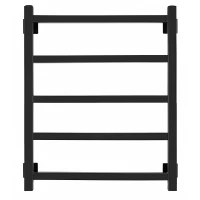 Полотенцесушитель электрический 670x630 ТЭН левый Secado Корато 1 4603777470876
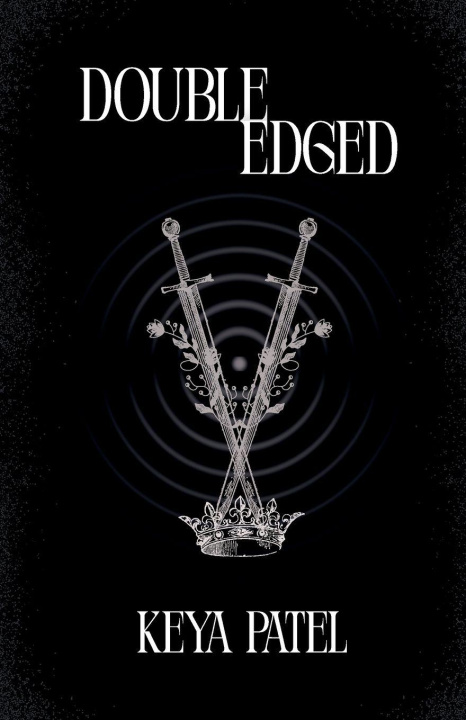 Kniha Double Edged Keya Patel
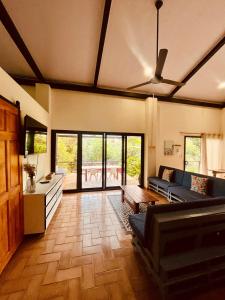 Casa Rural Los Almendros - Tarcoles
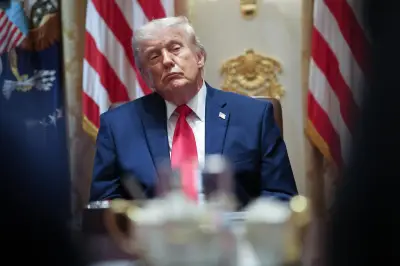 Donald Trump en « excellente santé » selon son médecin, malgré des doutes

+++++

Exercise directions → Retype the material above exactly, images excluded.

Task result →
 Полотенцесушитель электрический 670x630 ТЭН левый Secado Корато 1 4603777470876
 Kniha Double Edged Keya Patel
 Casa Rural Los Almendros - Tarcoles
 Donald Trump en « excellente santé » selon son médecin, malgré des doutes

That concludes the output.